Work order:
Your reply should contain the whole listing below, repeated exactly, and no images.

Source data:
==============================
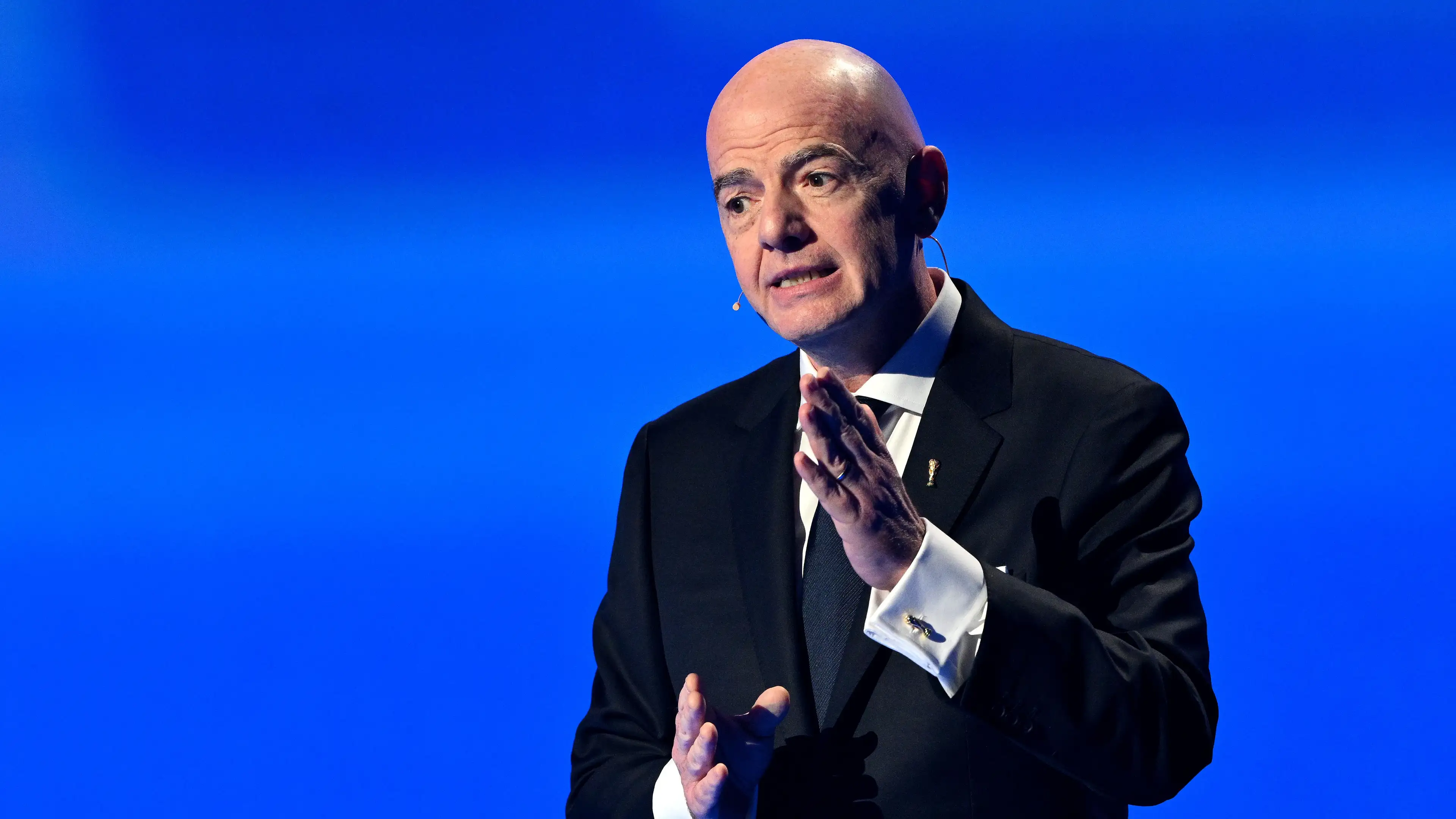 Infantino: Iran w Pucharze Świata to Plan A, Nie Ma Alternatyw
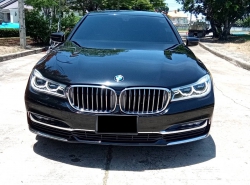 BMW 7 SERIES 740LI ปี 2016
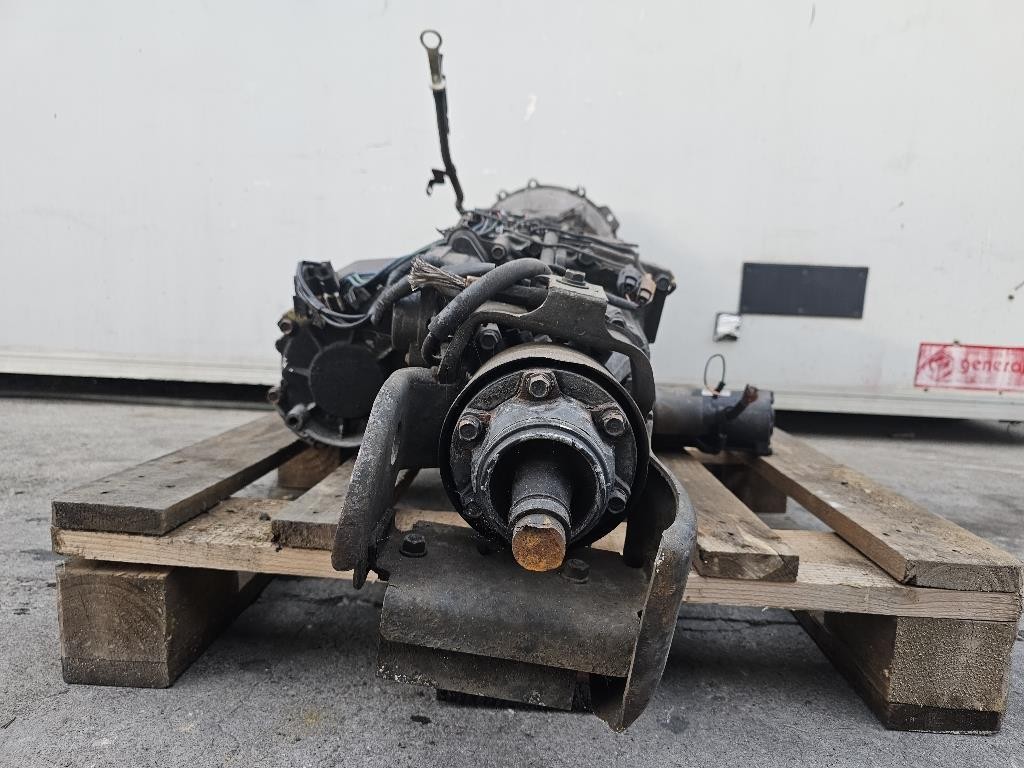 Cambio 3201A038 Mitsubishi Pajero III 2000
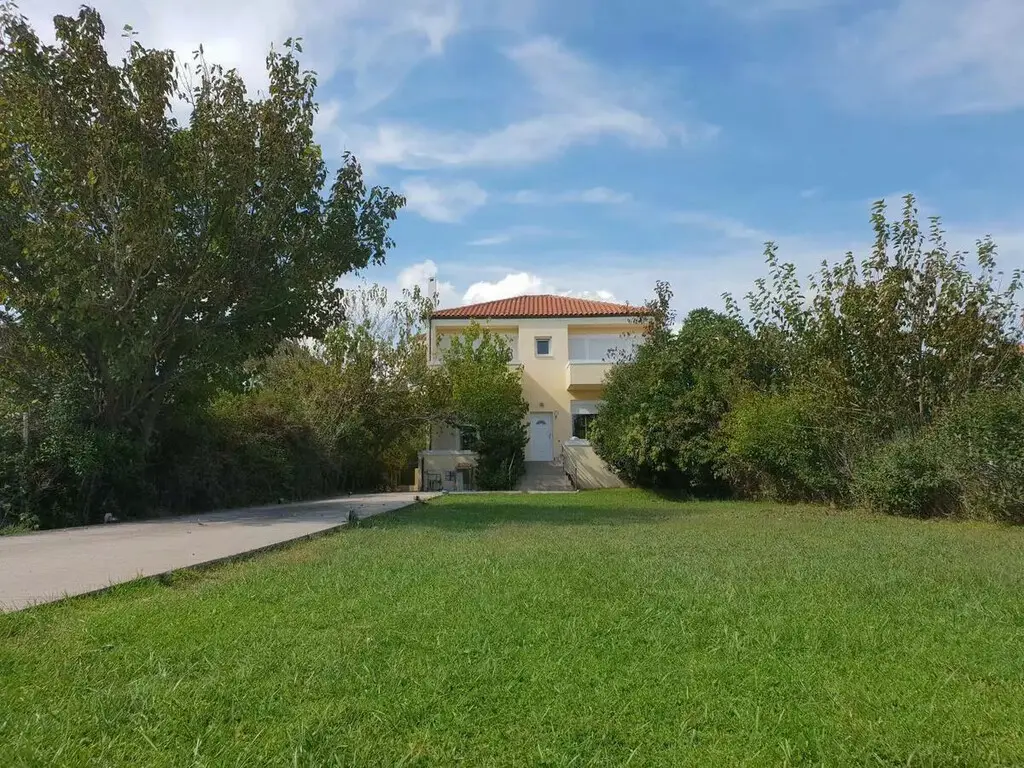 Detached House Of 271 M² On The Euboea Island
==============================
Answer for the task:
 Infantino: Iran w Pucharze Świata to Plan A, Nie Ma Alternatyw
 BMW 7 SERIES 740LI ปี 2016
 Cambio 3201A038 Mitsubishi Pajero III 2000
 Detached House Of 271 M² On The Euboea Island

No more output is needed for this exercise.